- [WHAT THE TASK ASKS] The material below holds pictures, which are to be left out; copy exactly the lines from the one with "RELENTLESS LOGO –" through the one with "画像1: ユニウッド ブラック".

--*--

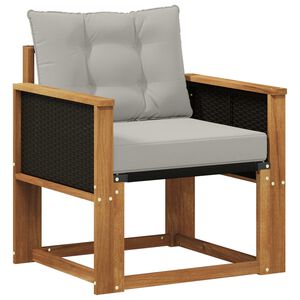 vidaXL Sofa de milieu ext&eacute;rieur Bois d'Acacia Massif Naturel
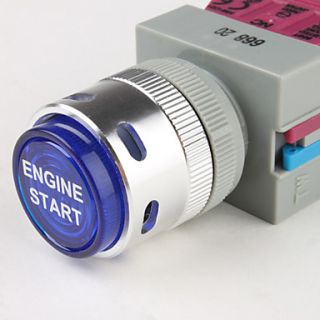 EUR € 14.71   Blue Indicator Light Engine Push Start Button Set voor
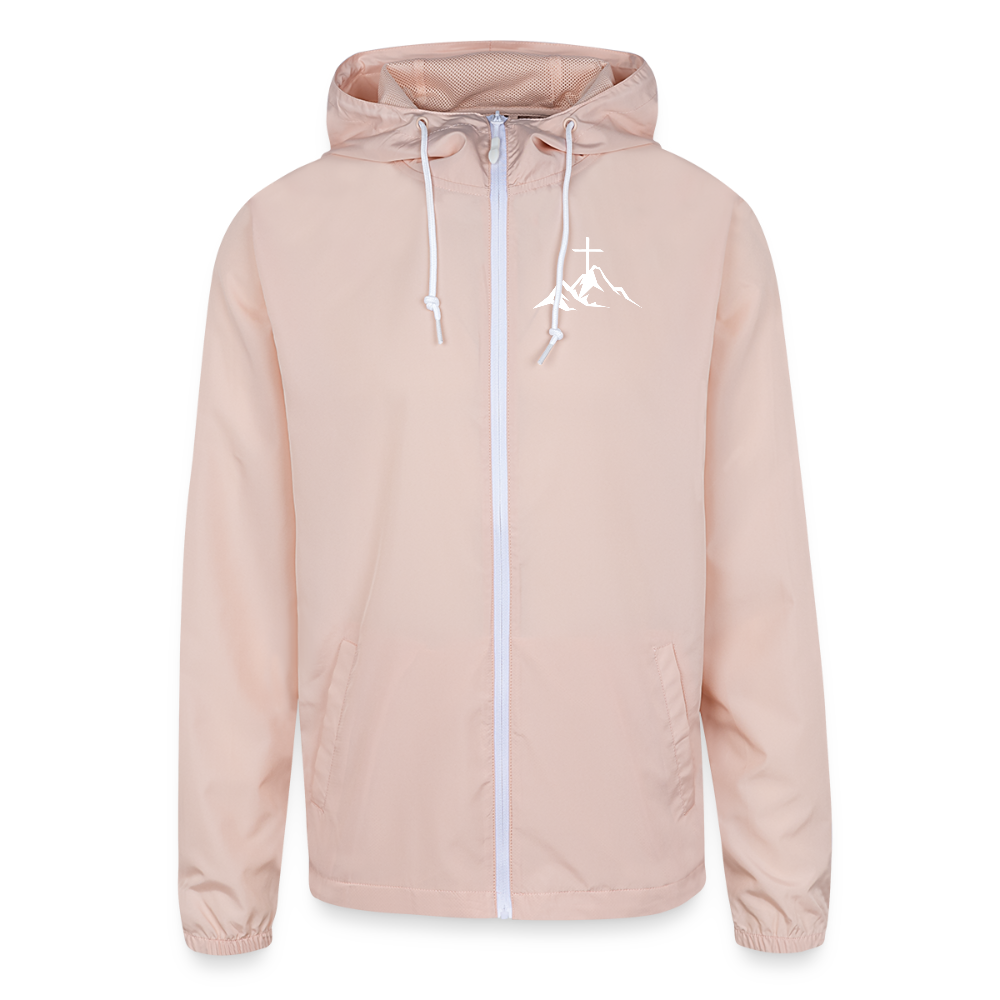RELENTLESS LOGO – Lightweight Windbreaker Jacket - blush pink 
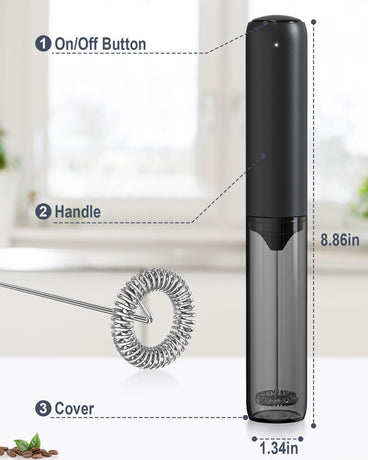 Milk frother - electric milk frother - milk frothers - electric milk frother - milk frother - electric milk frother - mini USB rechargeable milk frother - for coffee/latte/cappuccino/hot chocolate
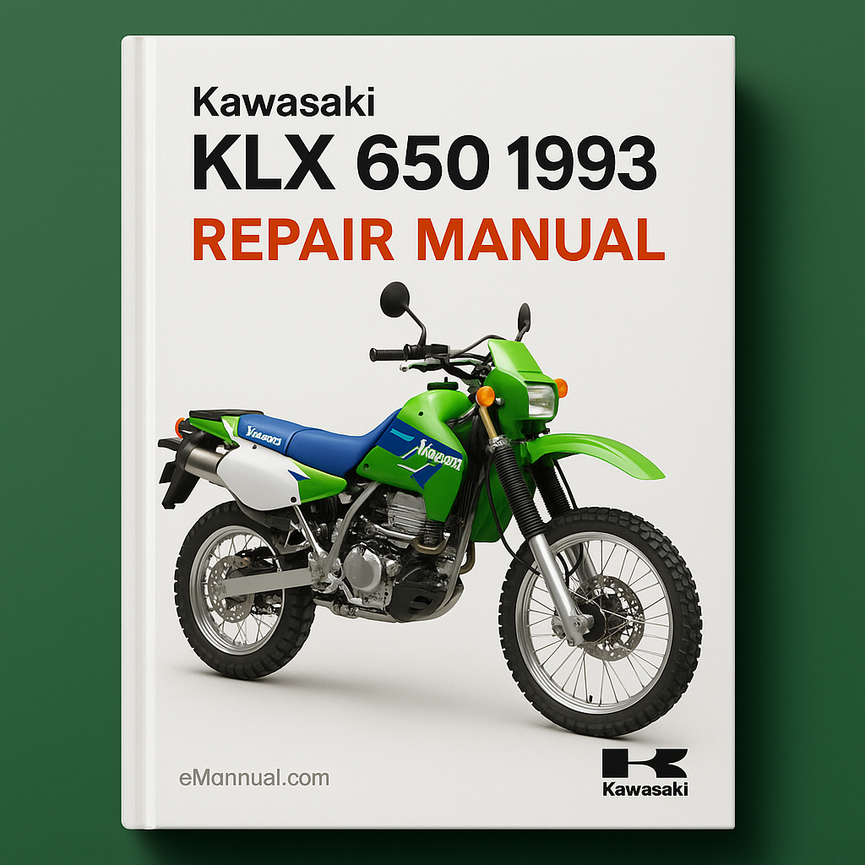 Kawasaki KLX 650 1993 Repair Manual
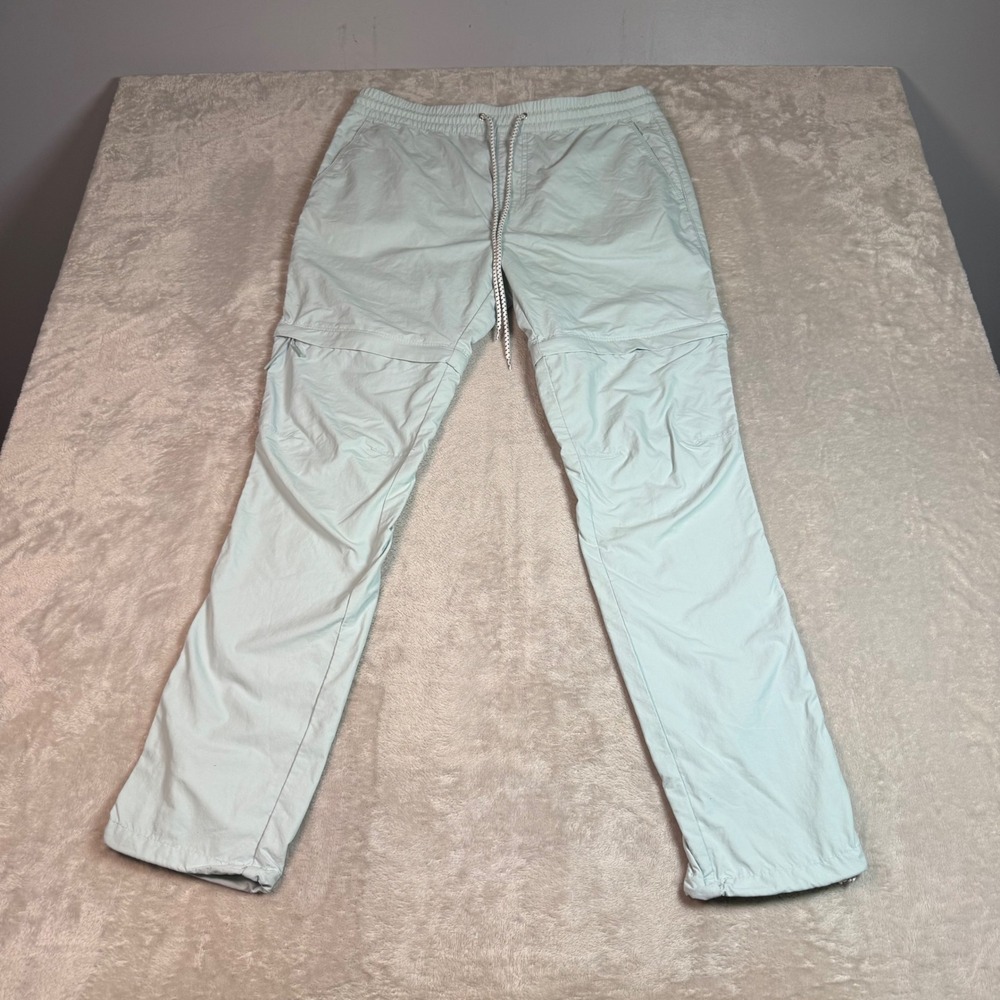 PacSun Relaxed Jogger Convertible Zip Off Pants Light Blue Mens Size Medium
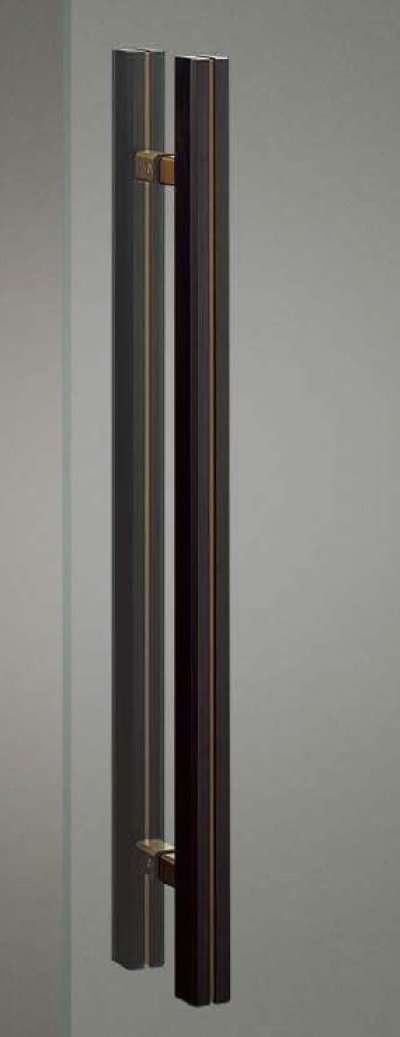 画像1: ユニウッド ブラック ＋ブラス 硫化イブシゴールデンブロンズハンドル（両側タイプ）/全長:800mm
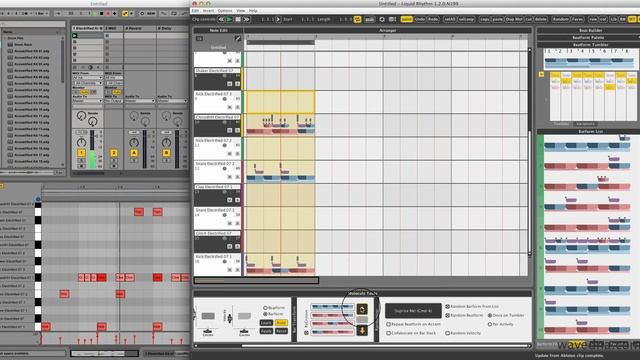Liquid Rhythm as a Max Patch in Ableton Live 9 Suite смотреть онлайн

--*--

- [EXPECTED ANSWER]
RELENTLESS LOGO – Lightweight Windbreaker Jacket - blush pink 
 Milk frother - electric milk frother - milk frothers - electric milk frother - milk frother - electric milk frother - mini USB rechargeable milk frother - for coffee/latte/cappuccino/hot chocolate
 Kawasaki KLX 650 1993 Repair Manual
 PacSun Relaxed Jogger Convertible Zip Off Pants Light Blue Mens Size Medium
 画像1: ユニウッド ブラック ＋ブラス 硫化イブシゴールデンブロンズハンドル（両側タイプ）/全長:800mm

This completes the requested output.